Kernel 2.6.23-rc1 dmesg output after turning off APIC
Comment 2 warm blooded creature 2007-07-29 09:53:11 UTC
Created attachment 12193 [details]
kernel 2.6.23-rc1 dmidecode

dmidecode done while APIC was turned off in kernel 2.6.23-rc1
Comment 3 warm blooded creature 2007-07-29 09:54:00 UTC
Created attachment 12194 [details]
kernel 2.6.23-rc1 lspci -vvnn

lspci -vvnn done in kernel 2.6.23-rc1 with APIC turned off.
Comment 4 Natalie Protasevich 2007-10-18 21:57:13 UTC
Warm blooded creature, (lovely name:)
Can you boot it with any other OS? any other kernel? Sometimes this can be caused by faulty hardware. (I just had the same happened to my dell (dual xeon), had to replace motherboard.)
Comment 5 warm blooded creature 2007-10-20 07:14:34 UTC
I tested Ubuntu 7.04, Ubuntu 7.10, Debian 4.0r1 (the net install iso), Fedora 7 Live, Slax 5.1.8, and OpenSuse 10.3.  Every single distribution I tested, except for Slax, reboots on my system within a second or so after attempting to boot their kernel.  Every single distribution I tested boots fine when booted with either "acpi=off", "noapic", or "nolapic" or when booted when I have "APIC" turned off in my BIOS settings.

Ubuntu 7.04's kernel 2.6.20-16-generic reboots.  Ubuntu 7.10's kernel 2.6.22-14-generic reboots.  Debian 4.0r1's kernel 2.6.18-5-486 in the net install iso reboots.  OpenSuse 10.3's install disc 1 with kernel 2.6.22.5-31-default reboots.  Fedora 7 Live with kernel 2.6.21-1.3194.fc7 reboots.

The only distribution that successfully booted with APIC turned on in my BIOS and without passing any special boot options is Slax 5.1.8 with its kernel 2.6.16, but looking at its kernel messages, it looks like its kernel was compiled with APIC support since I see no mention of "APIC" anywhere in its boot messages like I do with all the other distributions I tested.

Once booted with "acpi=off", "noapic", or "nolapic" or with "APIC" turned off in the BIOS, the system runs fine.
Comment 6 warm blooded creature 2007-10-20 07:16:14 UTC
argh.... For Slax 5.1.8, I meant.... it looks like its kernel was
compiled *without* APIC support since I see no mention of "APIC" anywhere in its
boot messages like I do with all the other distributions I tested.
Comment 7 Thomas Gleixner 2007-11-14 15:09:55 UTC
That's an odd one.
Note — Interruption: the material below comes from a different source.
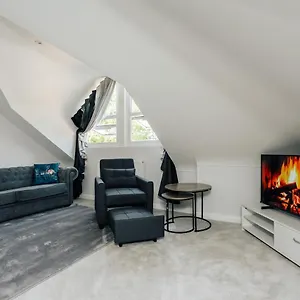 Apartment Luxury Sleeps 7 Guests With Free Parking And Netflix, Bournemouth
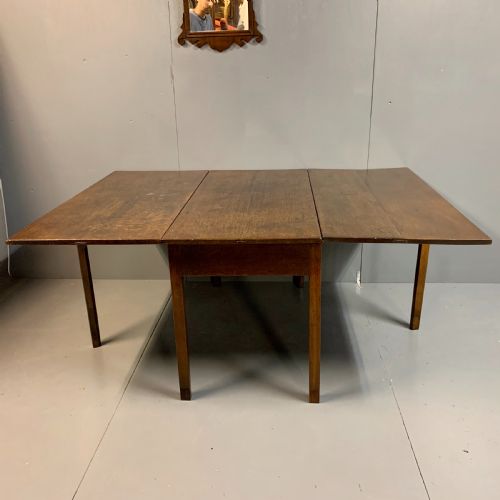 8 TO 10 SEATER GEORGIAN OAK TABLE - ADDITIONAL PHOTO 1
Do you have a chance to capture the kernel output via serial console (i.e. does the box have a serial port and do you have a second box with a serial port to capture the output ?

If yes, please add

earlyprintk=serial,ttyS0,115200

to the kernel command line and connect the box to a second one with a null modem cable. On the second box please capture the output of the kernel.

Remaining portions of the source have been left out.